Recorded data:
= Beginning of Section =
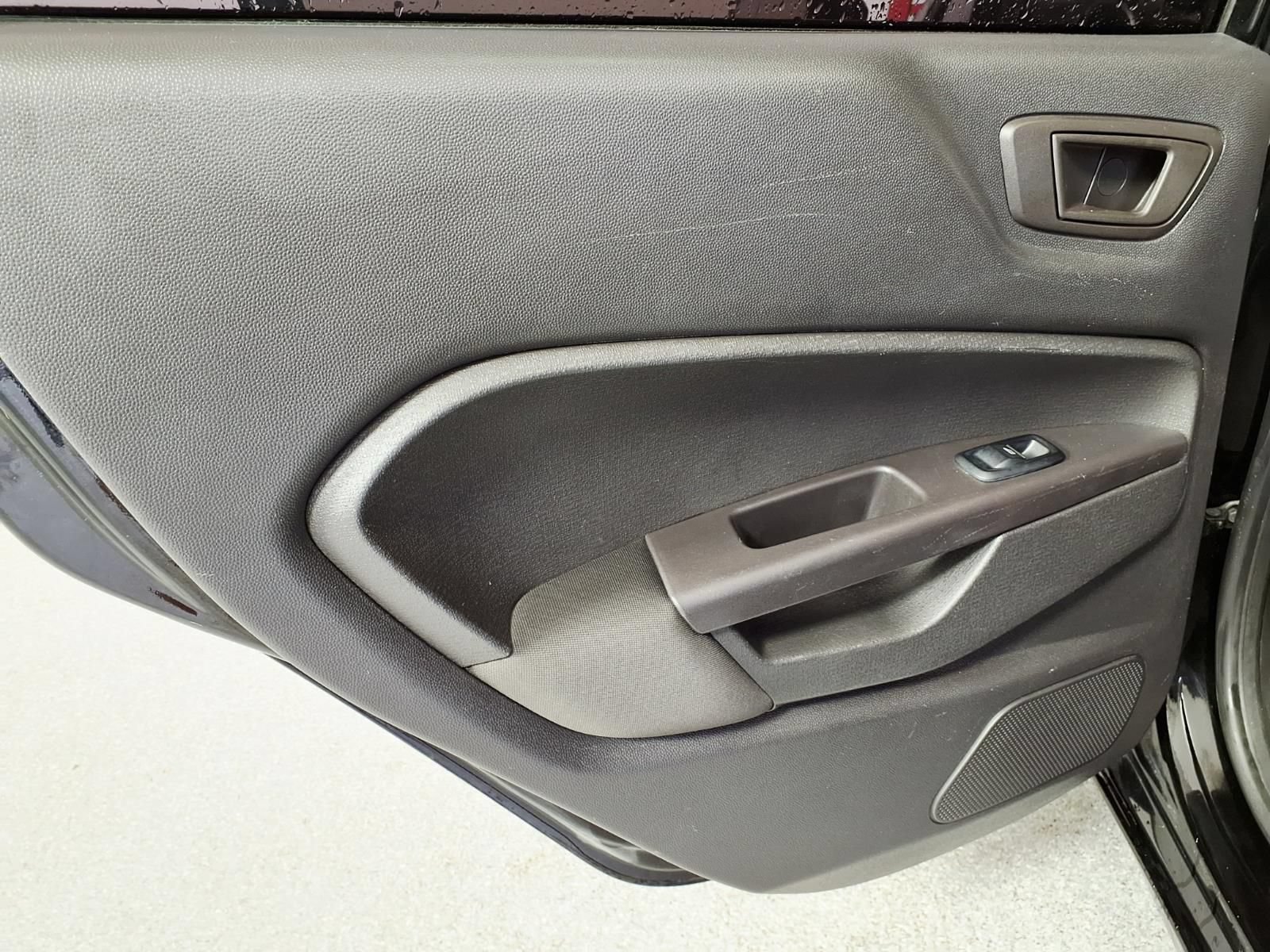 Used 2012 Ford Fiesta SE FWD image 11
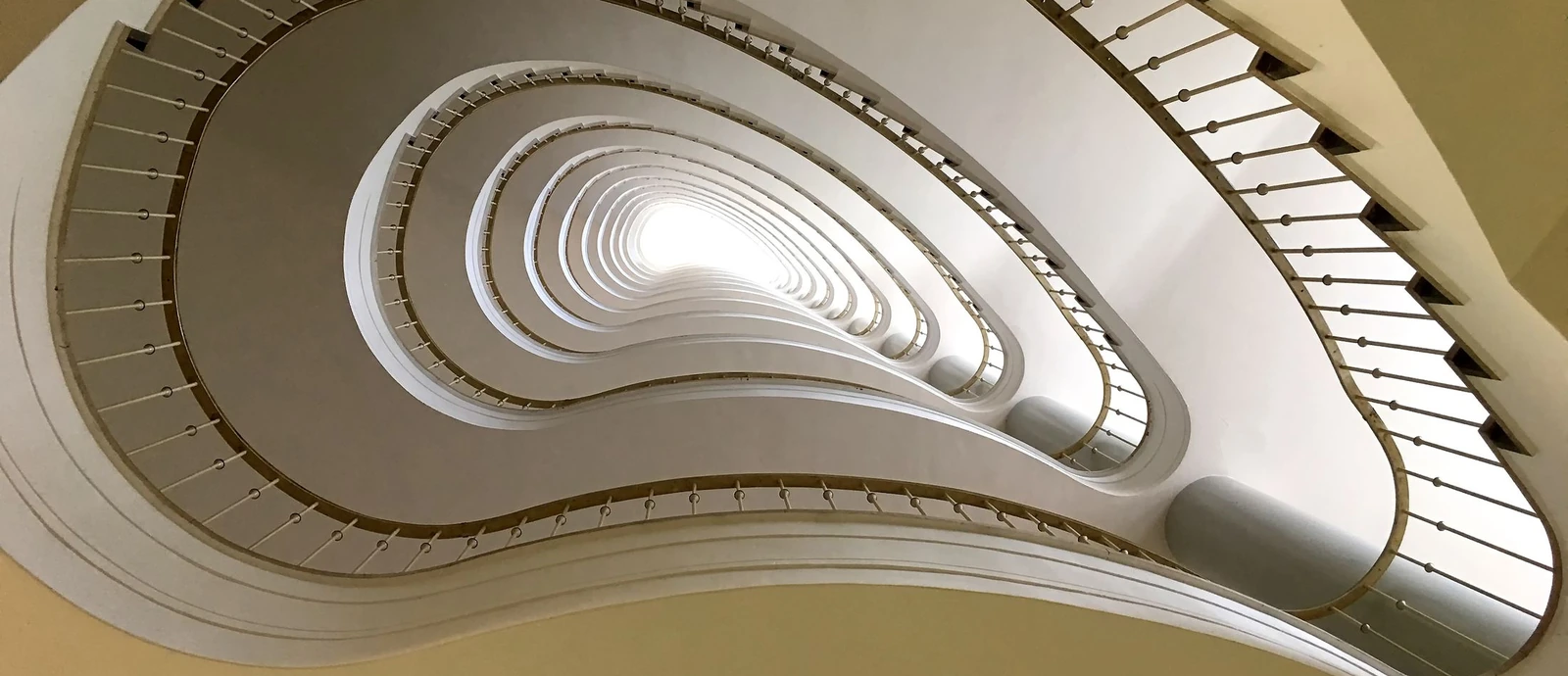 Perspective sur les courbes d’un escalier contemporain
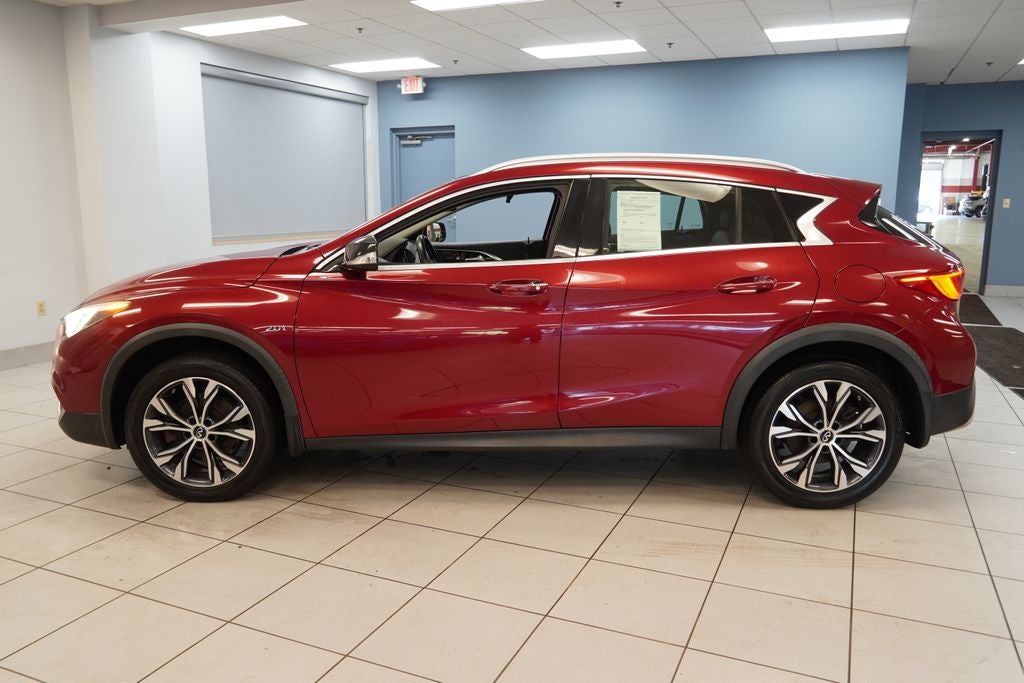 2017 INFINITI QX30 Premium ( AWD )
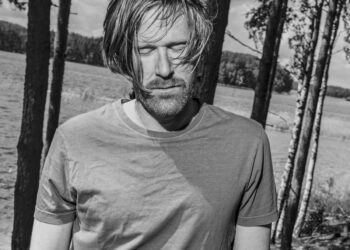 Ei ne välineet mutta ne keinot: Oskari Muron debyytti äänitettiin perinteisillä työskentelytavoilla mutta nykyvälineillä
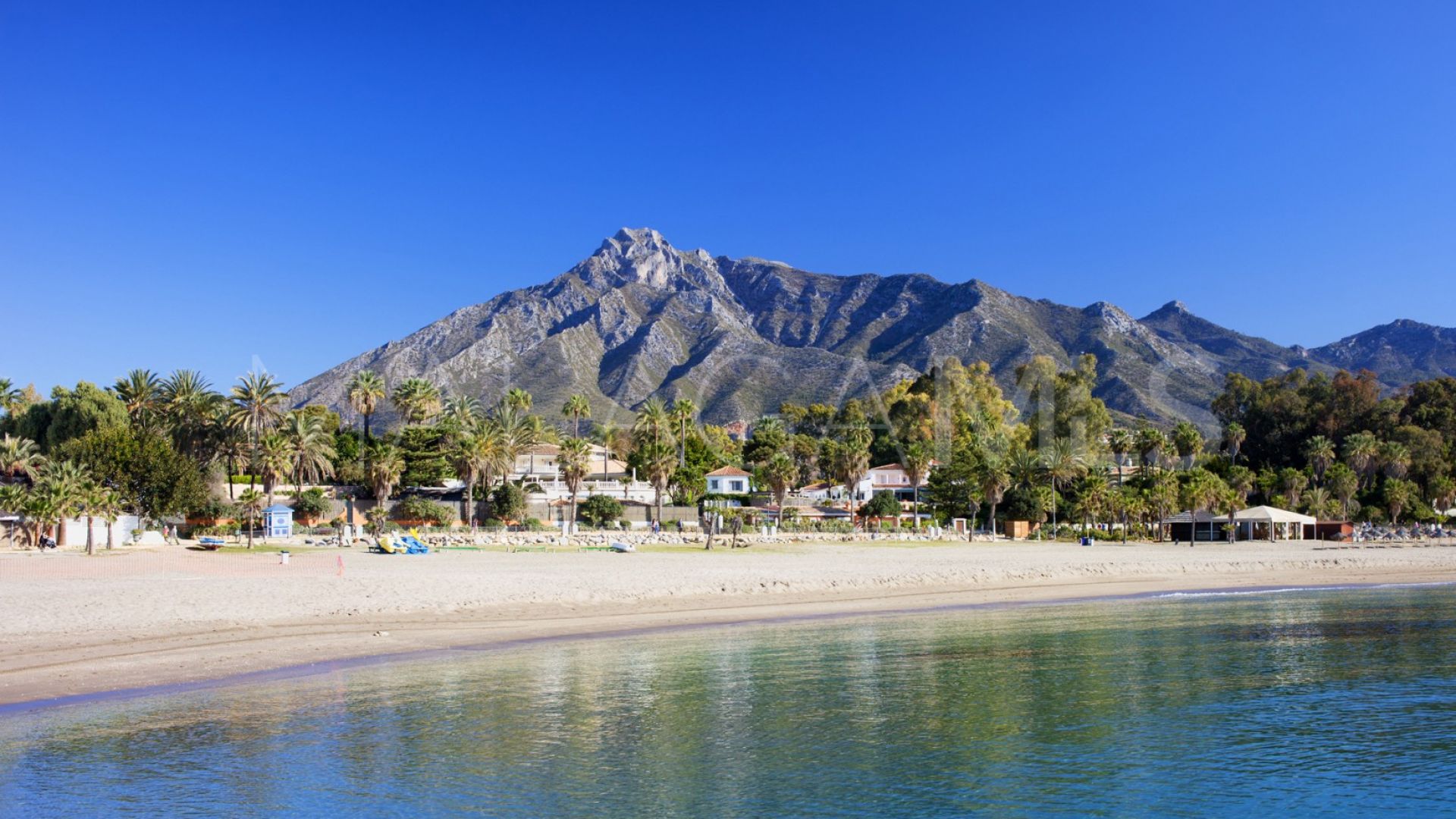 Villa a la venta de 5 bedrooms in Marbella Golden Mile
= End of Section =
→ **Your task**
Leave the pictures aside and print exactly, and only, the lines from the one with "Ei ne välineet" through the end of the data, both included.

→ **Output of the task**
 Ei ne välineet mutta ne keinot: Oskari Muron debyytti äänitettiin perinteisillä työskentelytavoilla mutta nykyvälineillä
 Villa a la venta de 5 bedrooms in Marbella Golden Mile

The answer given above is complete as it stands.